Not a good fit
I made a stupid pun in
previous item about woke math.
My pronums are x, f(x) and df(x)/dt.
X is exactly a pronum, but those math functions don't correspond to noun cases. They sort of halfway correspond to verb tenses or aspects.
What part of math would correspond to noun cases? I suppose set theory, but only in a limited way.
Cases are dynamic and set theory is static. A set statement like 'x is in A' would fit genitive, and that's about all. There's no math way of expressing dative or accusative or instrumental.
= = = = =
Later extending the thought: We're accustomed to the tiresomely repeated
Expert assertion that math is the universal tool, the universal language. Simply not true. Language is the best tool for thinking because it's a NATURAL PART of our minds.
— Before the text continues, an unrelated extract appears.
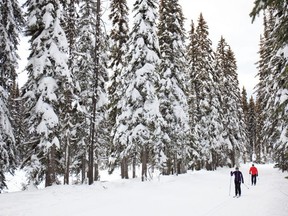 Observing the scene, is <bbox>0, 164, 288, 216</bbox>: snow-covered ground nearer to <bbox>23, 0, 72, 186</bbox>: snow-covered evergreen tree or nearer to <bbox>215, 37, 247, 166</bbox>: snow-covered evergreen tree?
<bbox>23, 0, 72, 186</bbox>: snow-covered evergreen tree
But I mean more than just "writing helps you think". That's obvious. I mean that
grammar can be used as a framework for thinking in the same way that addition and subtraction and integrals. The tool works best in languages where noun cases and verb forms are visible and chartable and algorithmic. The Latin descendants like Spanish have algorithmic verbs but no noun math. Teutonic languages have lost their algorithms entirely. (English has a Latin vocabulary, but it's Teutonic in grammar.) Russian has strongly algorithmic nouns and weakly algorithmic verbs. Hindi, though directly descended from totally algorithmic Sanskrit, has lost noun forms in the same way as the Latin descendants.
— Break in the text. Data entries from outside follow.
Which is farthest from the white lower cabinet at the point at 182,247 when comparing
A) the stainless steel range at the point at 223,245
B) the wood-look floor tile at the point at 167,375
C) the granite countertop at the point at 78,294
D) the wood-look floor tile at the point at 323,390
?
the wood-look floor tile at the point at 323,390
The agglutinative languages like Hungarian and Korean are STRICTLY algorithmic in all ways. They should offer the best tool for this purpose, the best framework for clear thinking.
As I've
noted before, noun structure seems to be more important than verb structure, for reasons that I haven't figured out. A strong noun matrix helps to hold your thoughts in place when barraged by Sorosian confusion. A verb matrix ought to help, but the experimental evidence favors nouns for this purpose.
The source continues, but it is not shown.